A Stephen-napjerk-induced snicker was just leaving my mouth when I heard over my left shoulder, a low “Ye-uh” from about a quarter mile away. Paydirt! A bull! It didn’t take much to whisper Stephen up. I gave the bull a couple minutes and “Eeeeugh”ed again. The bull came back with another “Ye-uh” from even closer and my heart was racing. We’d seen a couple smallish bulls up close so I kept having to push away thoughts of the little ones and hoping for a monster.
The tension built as the bull and I kept up our conversation. We each scooted around for a bit better cover and Stephen readied for a shot. We had agreed ahead of time Stephen would get first right of refusal. We had hunted together in a trophy elk unit in 2006 when I scored a nice bull but he came home empty-handed. Besides, he’s older! I never let him forget that, even though he has always been able to hike me into the ground, and likely will up until we’re both telling hunting stories from our Hoverounds.
I caught movement from the draw to our left, about 80 yards out. Plenty of antler flashed between a couple trees. Stephen saw him too. Its antlers looked much bigger than the few little ones we’d seen, but not the pig we saw way out north. I guessed maybe 50 inches wide or better. I asked “Gonna take him?”
The bull was moving in an arc around to our front, disappearing and reappearing through trees and low terrain. It felt like hours, but probably less than 10 seconds had passed since we first saw him. The bull stepped out into the open, broadside, then turned his head our way. Those big paddled antlers did look impressive this close and I was playing out in my mind how fast I could shoot if Stephen had said he’d pass.
He turned his head back broadside, my fingers were in my ears…BOOM! Stephen’s single shot .300 Win Mag roared. The bull hunched up from a good lung hit. It took a couple more steps then stopped. Stephen had already reloaded and cocked the hammer. The bull began walking again. I said “Kill him Stephen, hit him again.”
BOOM! That second shot probably wasn’t completely necessary, but they can never be too dead. Besides, each step was a step directly away from the direction we’d be packing the meat. This one knocked that bull over.
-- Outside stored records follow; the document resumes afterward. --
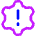 Settings Alert Update Icon from Flex Neon Set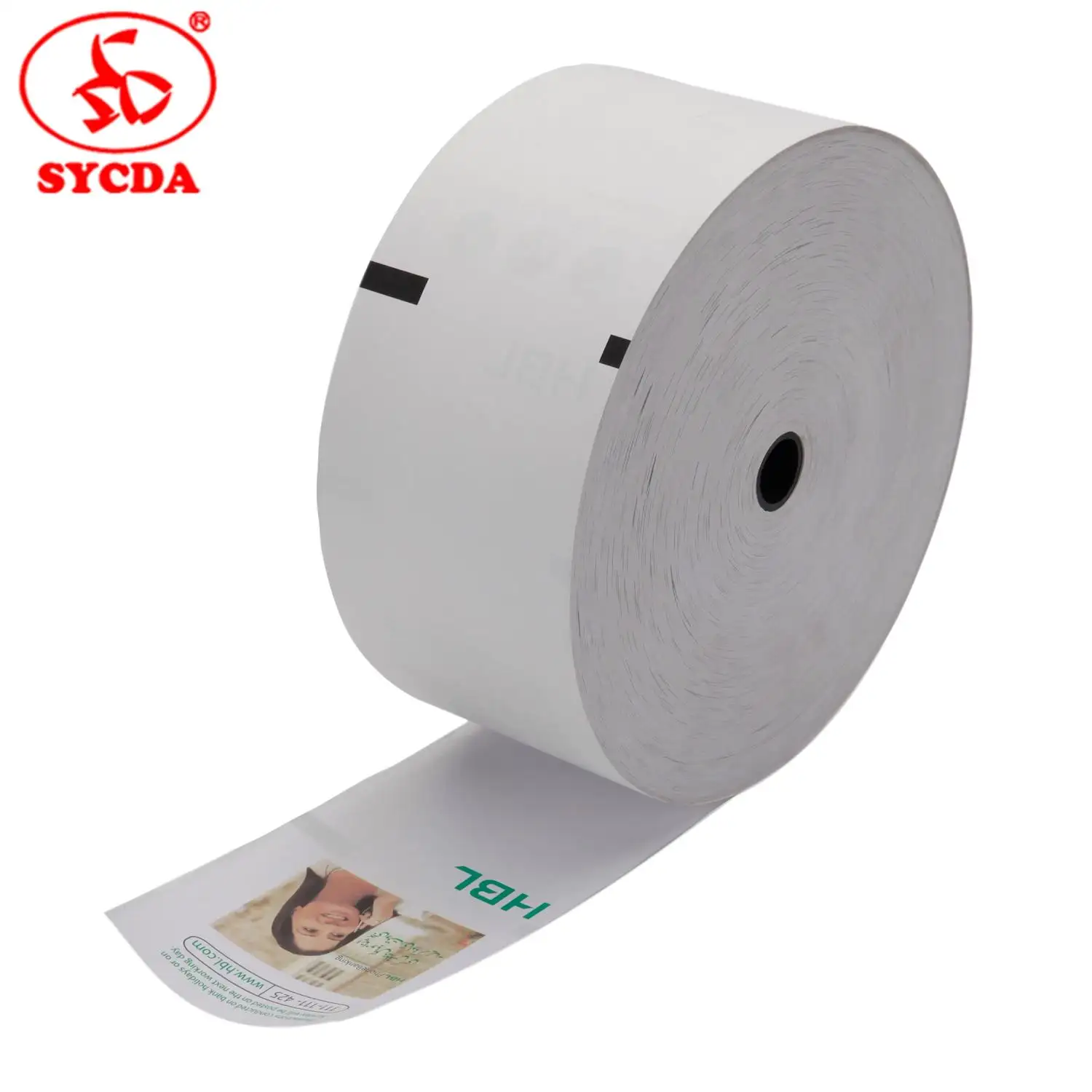 Rouleaux de papier thermique pour caisse enregistreuse, 2-1/4 pouces, 50 pieds, 57mm, 1 pièce, meilleure vente, 2019
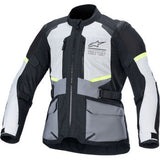 ALPINESTARS Andes Air Drystar® Jacket - Ice Gray/Dark Gray/Black - 2XL 3207924-9191-2X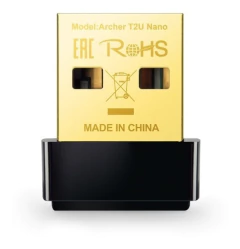 PLACA WIFI DOBLE BANDA USB ARCHER AC600 T2U NANO en internet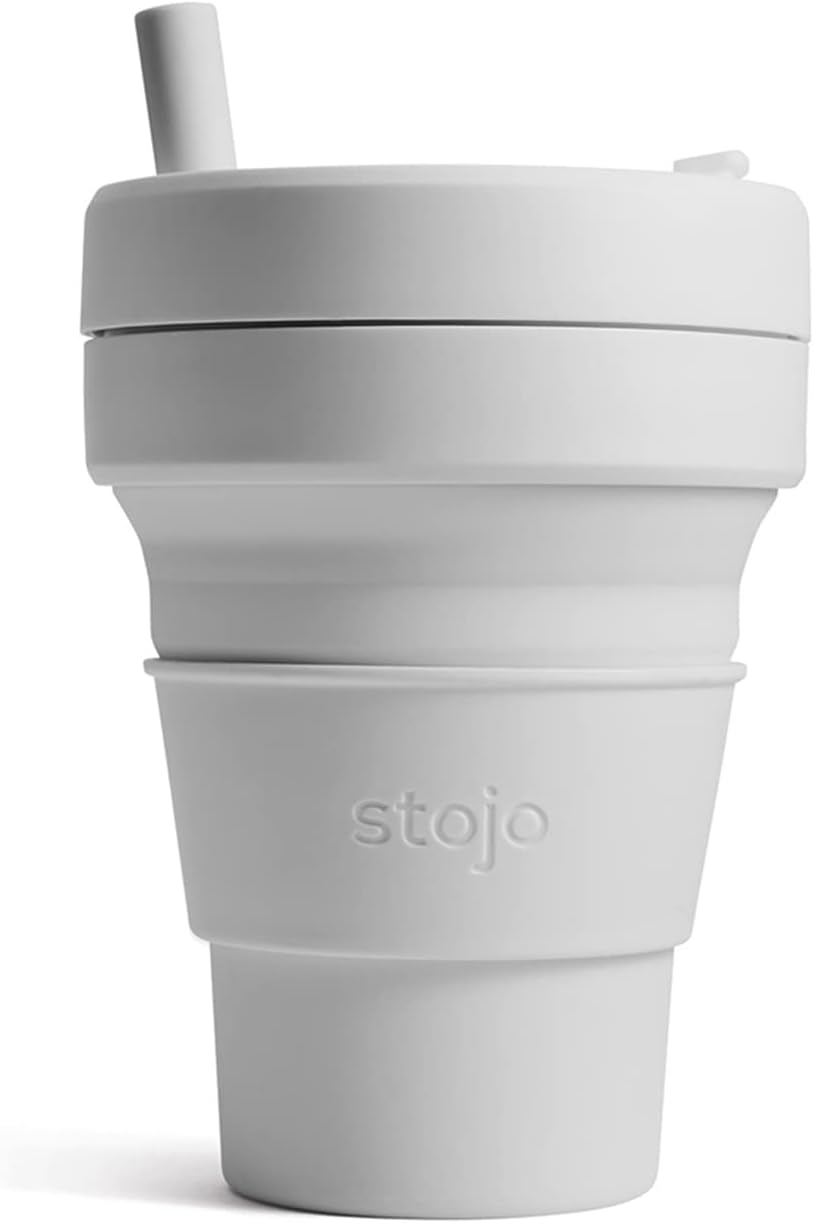 STOJO 折り畳みマイカップ BIGGIE(ビギー) 470ml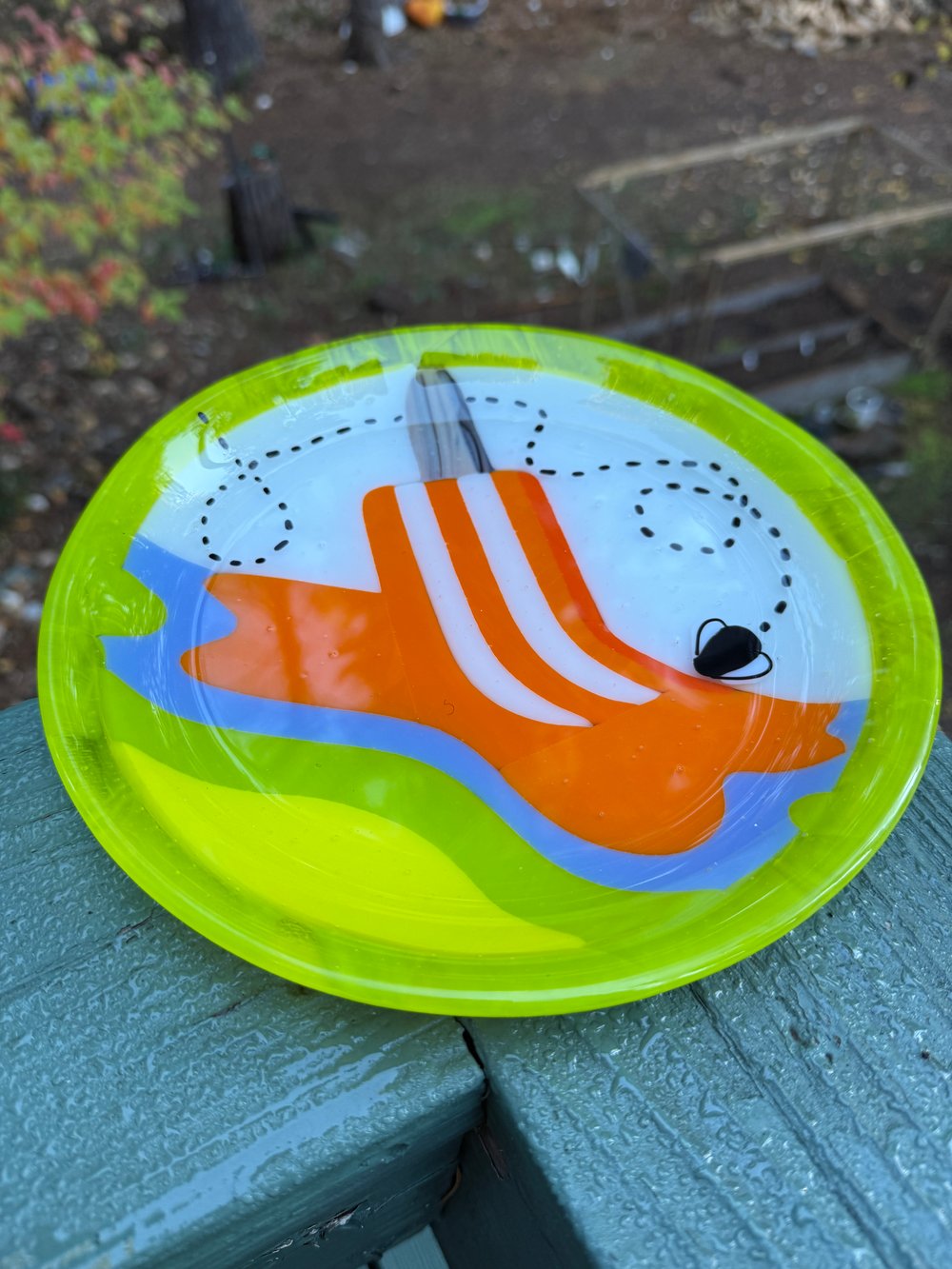 Melting Popsicle plate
Everything was instantly back to the eerie dreamlike quiet that consumed this wilderness. We looked at each other in disbelief. I think it took until then for both of us to resume breathing. “You did it! We got one! We came up here and got one! Thank you God!” It took a couple minutes to collect our wits and get rid of the shakes.Vodpod videos no longer available.
We walked down to the bull and marveled at how enormous it was. My buddy from Wyoming wasn’t kidding when he said it was like shooting a Clydesdale horse. We’d seen big elk killed but this thing was an absolute monster. We got more pictures and strategized our plans for butchering. One tarp on which to lay the meat out. Another tarp to cover the meat. Knives, sharpeners, Wyoming saw, meat packs…check, check and check.